The report also included national DUI statistics and facts, including:

• 12,998 DUI-related deaths in the US in 2007.
• While 32 states experienced a drop in alcohol-related fatalities between 2007 and 2006, other states experienced an increase in deaths.
• Total drunk driving deaths dropped 4% in 2007 compared to 2006.
• The number of alcohol-related motorcyclist deaths increased in 25 US states.

Also, motorcyclists comprised 57 of the 487 drunk driving deaths that took place in North Carolina last year. In South Carolina, there were 56 alcohol-related motorcyclist deaths in 2007.

Meantime, some 100 college president, including the president of Duke University in North Carolina, are calling on lawmakers to lower the legal drink age. The presidents belong to a movement known as the Amethyst Initiative, whose members believe that lowering the drinking age might make teens less likely to “binge drink.”
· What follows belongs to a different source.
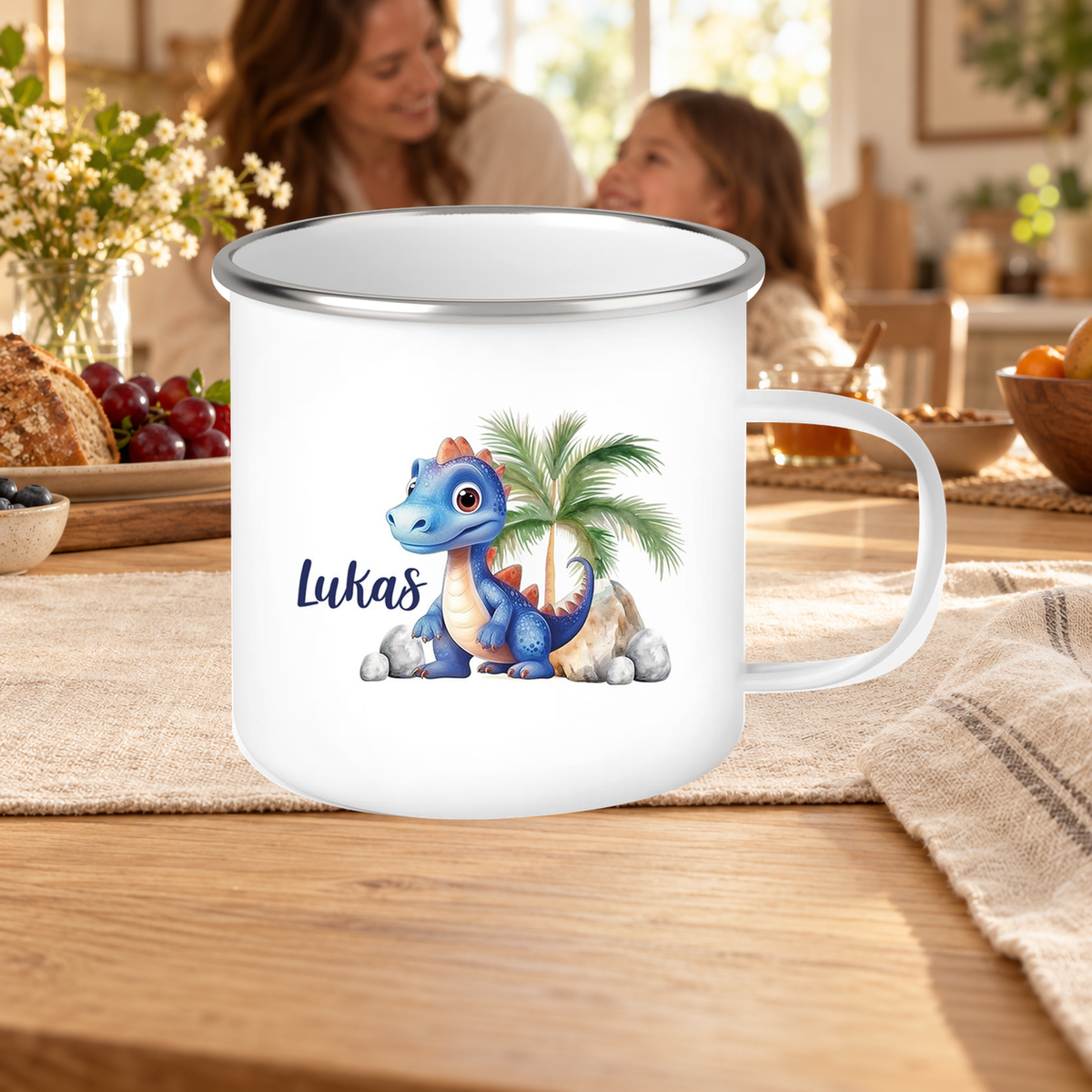MUCKKI-PRO:e8831f0c3971488fb13502bf90aa8bc9a0ab5bd73e4d049ba32288022d1f49e7:Tasse Wunschname Dino 8 Emaille Kinderbecher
In North Carolina and South Carolina, it is illegal to drive with a blood alcohol concentration (BAC) of .08% or greater. Drunk driving is dangerous and can lead to serious personal injuries and deaths.

Area Tops List of Fatal DUI Crashes in 2007, WSPA.com, August 29, 2008

Drunken-driving deaths fall in 32 states, Boston.com, August 28, 2008

Related Web Resources:

Amethyst Initiative

2007 Traffic Safety Annual Assessment—Alcohol-Impaired Driving Fatalities, NHTSA (PDF)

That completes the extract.